How to Configure firewalld for Docker or Podman on Fedora

Enable the container or docker service in firewalld to allow Podman or Docker traffic on Fedora.

The container runs but the port is unreachable

You spin up a web server in Podman. You map port 8080 to the host. You curl localhost and see the page. You try to access it from your phone on the same Wi-Fi and the connection times out. The container is running. The port is mapped. The firewall is eating the traffic.

This happens on Fedora because firewalld is enabled by default and configured to drop traffic that does not match an allowed service. Containers create virtual network interfaces. firewalld sees those interfaces and applies rules based on the zone. If the zone does not allow the container service, incoming connections to mapped ports are blocked.

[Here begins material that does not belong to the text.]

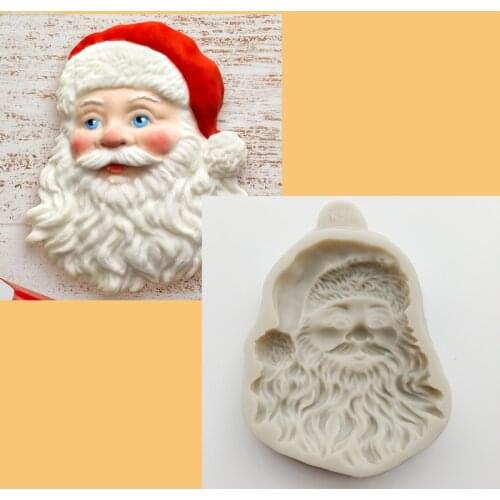 Minsunbak Santa Claus Head Silicone Mold DIY Fondant Mold Chocolate Gumpaste Baking Tools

How firewalld handles container traffic

Fedora uses firewalld as the firewall manager. firewalld manages rules using zones and services. A zone defines the trust level for a network interface. A service defines a set of ports and protocols that are allowed. When you enable a service in a zone, firewalld opens the necessary ports for traffic destined to that zone.

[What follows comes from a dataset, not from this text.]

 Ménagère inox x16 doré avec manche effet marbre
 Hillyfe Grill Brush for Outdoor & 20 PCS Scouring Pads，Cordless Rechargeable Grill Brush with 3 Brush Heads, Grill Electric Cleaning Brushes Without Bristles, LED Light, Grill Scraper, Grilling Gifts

Containers add complexity. The container runtime creates virtual interfaces for each container or pod. These interfaces appear in the network namespace. firewalld needs to know that traffic arriving on these interfaces is safe. The container service in firewalld tells the firewall to allow traffic on interfaces that belong to container runtimes.

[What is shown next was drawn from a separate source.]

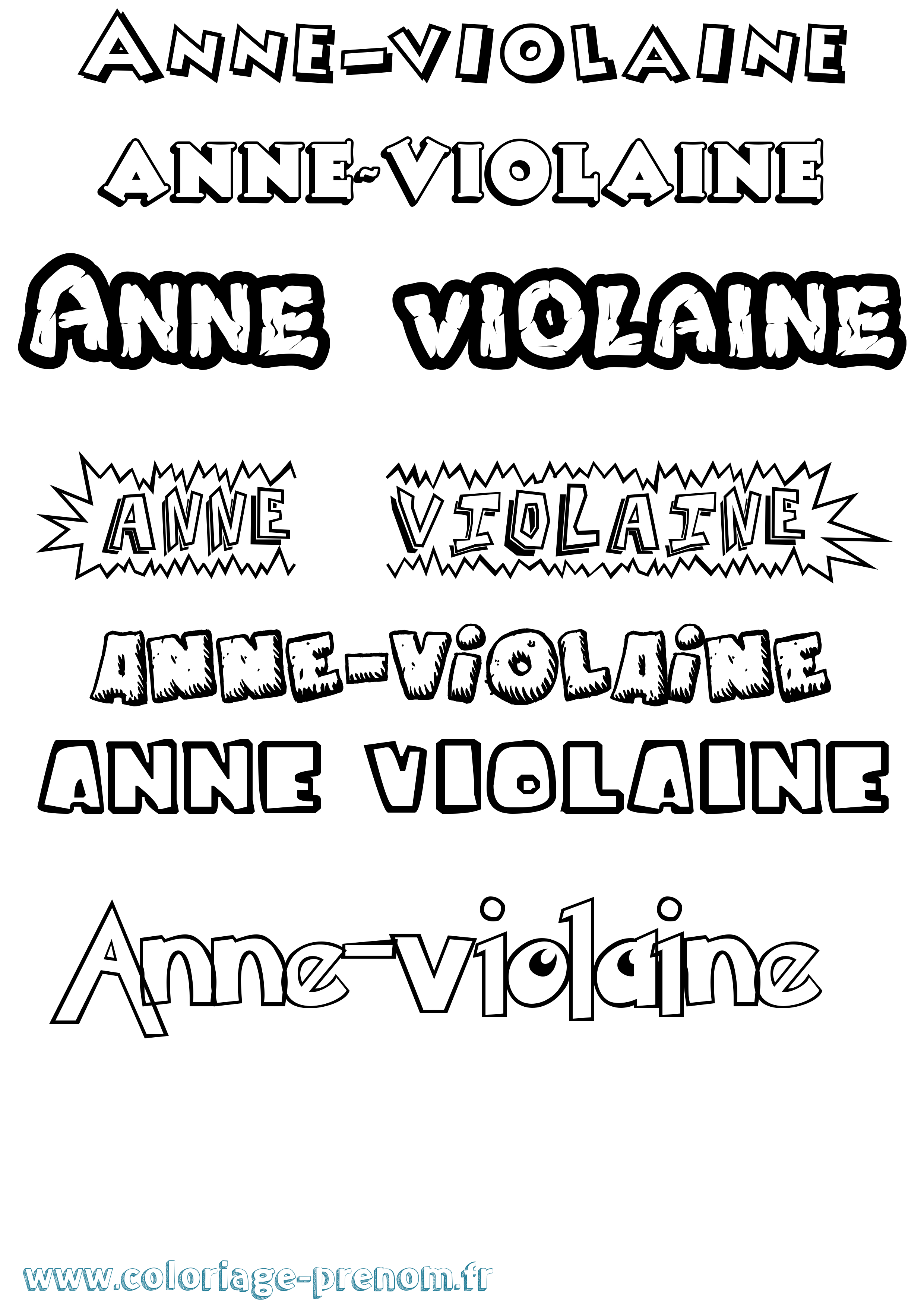 Coloriage prénom Anne-Violaine Dessin Animé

The service definition lives in /usr/lib/firewalld/services/container.xml. This file ships with the firewalld package. It contains rules that match the virtual interfaces created by Podman and Docker. You do not edit this file. You enable the service in your zone.

Fedora uses nftables as the backend for firewalld. nftables is the modern replacement for iptables. It handles rules more efficiently and supports sets and maps. Docker still relies on iptables for its internal networking. This creates a conflict when both tools try to manage the kernel's netfilter hooks. firewalld writes rules to nftables. Docker writes rules to iptables. The kernel translates between them, but the state can get corrupted. You see errors in the journal. The firewall reload fails. Docker stops working.

Check the active zone before adding services. Adding a service to the wrong zone has no effect.

# Show which interfaces are in which zones
# This tells you where to add the container service
firewall-cmd --get-active-zones

Enable the container service for Podman

Podman respects firewalld. It does not manipulate iptables directly. You enable the container service in the zone where your network interface lives. This adds the rules that allow traffic to container ports.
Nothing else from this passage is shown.